En los inicios de la adopción del concepto de nube, la nube híbrida se refería simplemente a una combinación de infraestructura de nube pública y privada. A medida que la arquitectura y los modelos de negocio de la nube maduraron y se comprendieron mejor, quedó claro que la nube híbrida era la infraestructura que permitía la movilidad de las aplicaciones (cargas de trabajo) y su ubicación en el lugar óptimo para cumplir con los requisitos de costo, rendimiento del usuario (SLA), riesgo y seguridad.

¿En qué se diferencia la nube híbrida de las nubes públicas y privadas?

Para empezar, la premisa básica de la nube es proporcionar a los usuarios cierto nivel de autoservicio para acceder a servicios que les permitan implementar y gestionar aplicaciones y sus cargas de trabajo asociadas. Los principales beneficios para el usuario son la movilidad y la elasticidad de las aplicaciones, sin depender de recursos físicos para manipular la infraestructura. Además, una organización espera reducir los costos de computación al mejorar la eficiencia mediante una mayor densidad de servidores y una reducción de los recursos humanos necesarios para gestionar movimientos, adiciones, cambios y eliminaciones.
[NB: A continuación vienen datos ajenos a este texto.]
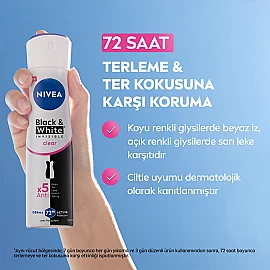 Nivea Invisible Black & White Clear Kadın Deodorant Sprey 150 ml & Mini Roll On 25ml - 2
En cierto modo, el término «nube híbrida» es un nombre inapropiado, y en realidad sería más apropiado el término « infraestructura digital híbrida », pero por ahora podemos definir las nubes híbrida, privada y pública tal como están. Una nube privada es simplemente un centro de datos físico tradicional o un conjunto de centros de datos con una capa de orquestación que permite el autoservicio. Una nube privada es propiedad de una sola organización en una red privada. La capa de orquestación, además de la funcionalidad centrada en el usuario, actúa como un controlador de tráfico para regular los niveles de acceso y garantizar el aislamiento entre cuentas (usuarios). Una nube pública no difiere mucho de una nube privada, excepto que la red es pública y la infraestructura es propiedad de un tercero. Una nube híbrida es una combinación de múltiples centros de computación y arquitecturas con algún tipo de capa de orquestación que se centra en la optimización de la carga de trabajo y la necesidad asociada de movilidad. Una nube híbrida no limita ni modifica la funcionalidad ni la gestión específica de las arquitecturas independientes, más allá de la información sobre el rendimiento individual y colectivo de la arquitectura.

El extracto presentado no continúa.